Line by line, copy the records below exactly.
**** RECORD EXTRACTS
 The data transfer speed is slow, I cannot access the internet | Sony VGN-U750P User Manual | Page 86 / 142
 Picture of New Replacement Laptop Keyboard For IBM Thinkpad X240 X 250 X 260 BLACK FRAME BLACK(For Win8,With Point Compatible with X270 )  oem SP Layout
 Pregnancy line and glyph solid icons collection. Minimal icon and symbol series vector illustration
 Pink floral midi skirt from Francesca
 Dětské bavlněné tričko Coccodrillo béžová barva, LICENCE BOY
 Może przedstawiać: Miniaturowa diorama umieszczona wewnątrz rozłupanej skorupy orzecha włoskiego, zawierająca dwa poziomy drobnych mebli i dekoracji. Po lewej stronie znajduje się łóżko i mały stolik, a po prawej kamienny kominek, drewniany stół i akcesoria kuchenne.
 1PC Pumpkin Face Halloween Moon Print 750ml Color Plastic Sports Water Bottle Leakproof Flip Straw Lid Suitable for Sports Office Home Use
********
* RESULT BELOW *
 The data transfer speed is slow, I cannot access the internet | Sony VGN-U750P User Manual | Page 86 / 142
 Picture of New Replacement Laptop Keyboard For IBM Thinkpad X240 X 250 X 260 BLACK FRAME BLACK(For Win8,With Point Compatible with X270 )  oem SP Layout
 Pregnancy line and glyph solid icons collection. Minimal icon and symbol series vector illustration
 Pink floral midi skirt from Francesca
 Dětské bavlněné tričko Coccodrillo béžová barva, LICENCE BOY
 Może przedstawiać: Miniaturowa diorama umieszczona wewnątrz rozłupanej skorupy orzecha włoskiego, zawierająca dwa poziomy drobnych mebli i dekoracji. Po lewej stronie znajduje się łóżko i mały stolik, a po prawej kamienny kominek, drewniany stół i akcesoria kuchenne.
 1PC Pumpkin Face Halloween Moon Print 750ml Color Plastic Sports Water Bottle Leakproof Flip Straw Lid Suitable for Sports Office Home Use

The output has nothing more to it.